2014.03.31 Who Loves a Donkey?

Well, that’s a good question. Donkeys are not the most glamorous animals, but they might be the most faithful. On many occasions in the Bible donkeys play a key role. Look up the biblical story of Balaam’s Ass about a donkey who knew better than his master did. (Book of Numbers, chapter 22) 

Horses are much more sexy of course—speedier and more graceful than the poor old dull-grey donkey. Still, the donkey carries heavy loads along often treacherous roads and does it with valorous grit.


In Christian story, the donkey carried a very pregnant Mary of Nazareth on its back, trekking from inn to inn, tirelessly seeking a place where Mary could give birth to Jesus. And again, it was a donkey who carried Mary, now cradling the infant Jesus, from Bethlehem back to their hometown Nazareth to comply with the census regulations for taxation. Joseph led the donkey who followed with trust. And Palm Sunday, often called triumphal, featured a donkey carrying Jesus through the Golden Gate, also called “Beautiful”,  into Jerusalem to face trial and execution. No one suspected such an outcome—except Jesus, and perhaps the devoted donkey.

But who really loves a donkey?

I know one lovely woman who would. She is my second daughter Jill. Today is her birthday. She would love and care for the donkey, maybe even before the people. An attorney by profession, Jill would represent animals pro bono if the need arose. Since childhood, she’s been as faithful to her passion for animal life as the donkey has been to its role as the carrier of burdens.  But do animals love back?  Jill tells me they do in their own ways—through grace by faith. (Jill, in consultation with her horse, Smokin' Gun)

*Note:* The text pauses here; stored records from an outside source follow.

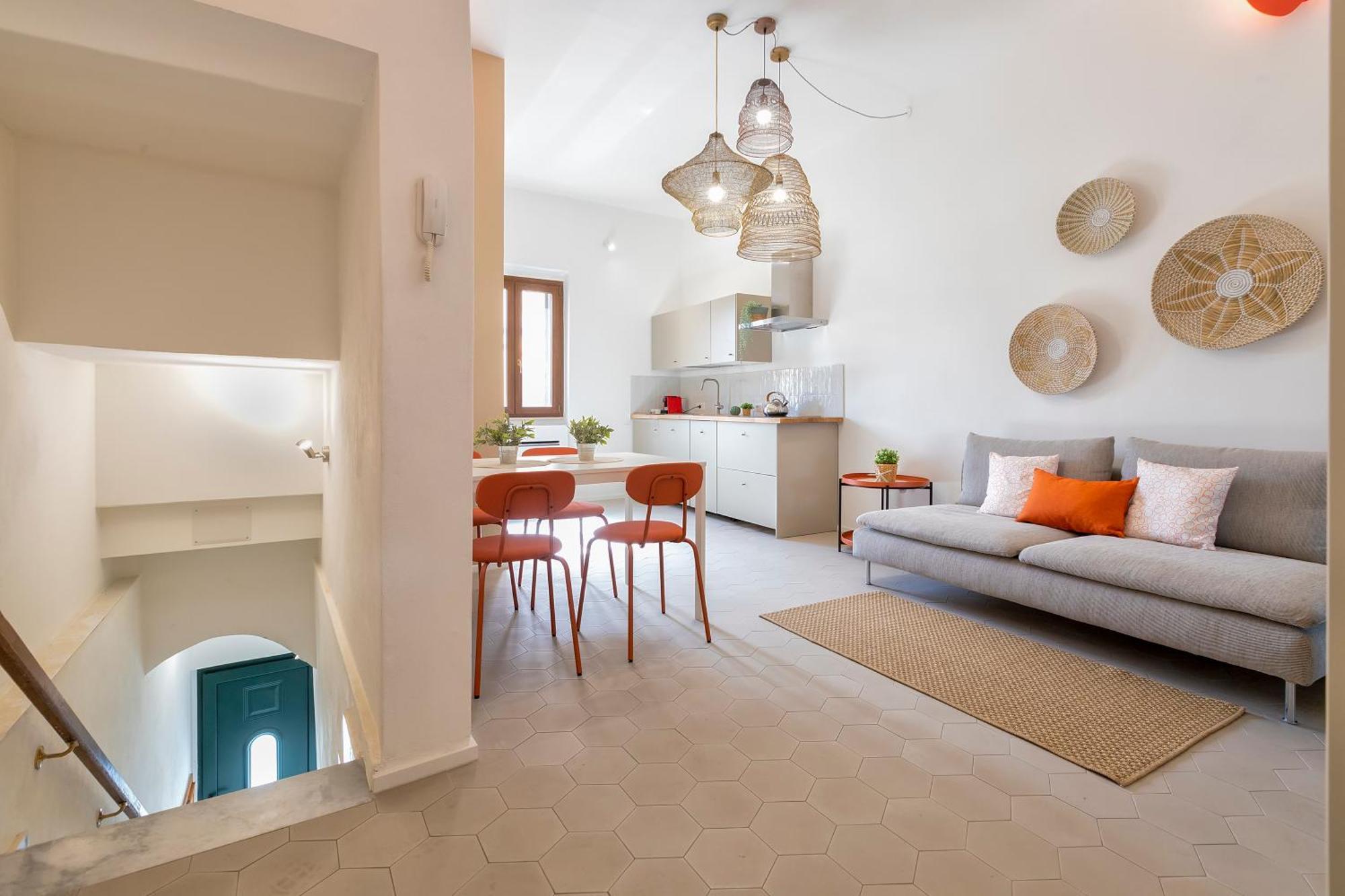 Sardinia Re - Casa Pinuccia Apartment Alghero Ngoại thất bức ảnh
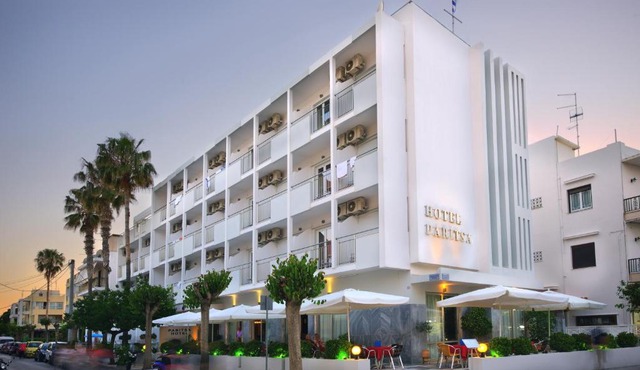 Paritsa Hotel in Kos
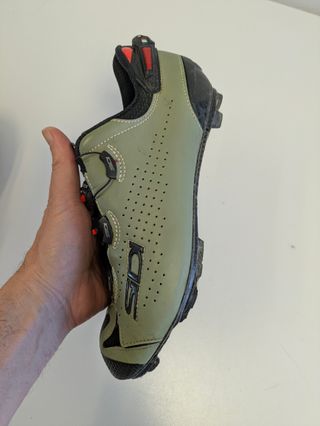 Zapatillas SIDI TIGER 2 CARBON MTB talla 41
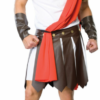 Caesar Adult Costume 2 Caesar Adult Costume -About Costume Sales Shop 38998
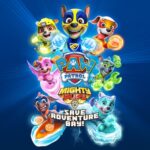 PAW PATROL MIGHTY PUPS SAVE ADVENTURE BAY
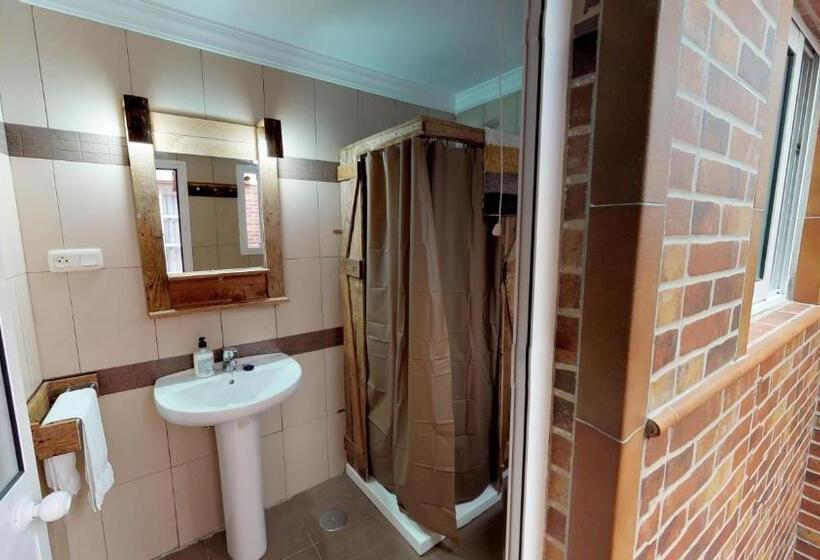 פנסיון Molino Romano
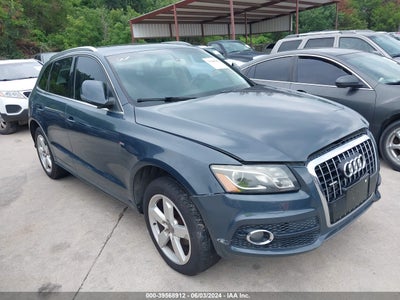 AUDI Q5 2011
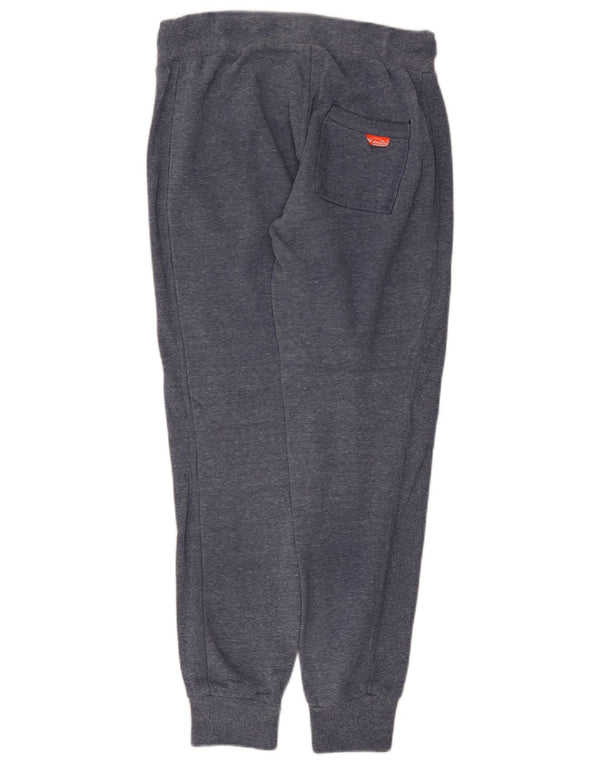 Pantaloni da tuta da uomo slim fit Superdry Joggers Small Blue Flecked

 The Poet Thinks About the Donkey
    by Mary Oliver

On the outskirts of Jerusalem
the donkey waited.
Not especially brave, or filled with understanding,
he stood and waited.

How horses, turned out into the meadow,
leap with delight!
How doves, released from their cages,
clatter away, splashed with sunlight.

But the donkey, tied to a tree as usual, waited.
Then he let himself be led away.
Then he let the stranger mount.

Never had he seen such crowds!
And I wonder if he at all imagined what was to happen.
Still, he was what he had always been: small, dark, obedient.

I hope, finally, he felt brave.
I hope, finally, he loved the man who rode so lightly upon him,
as he lifted one dusty hoof and stepped, as he had to, forward.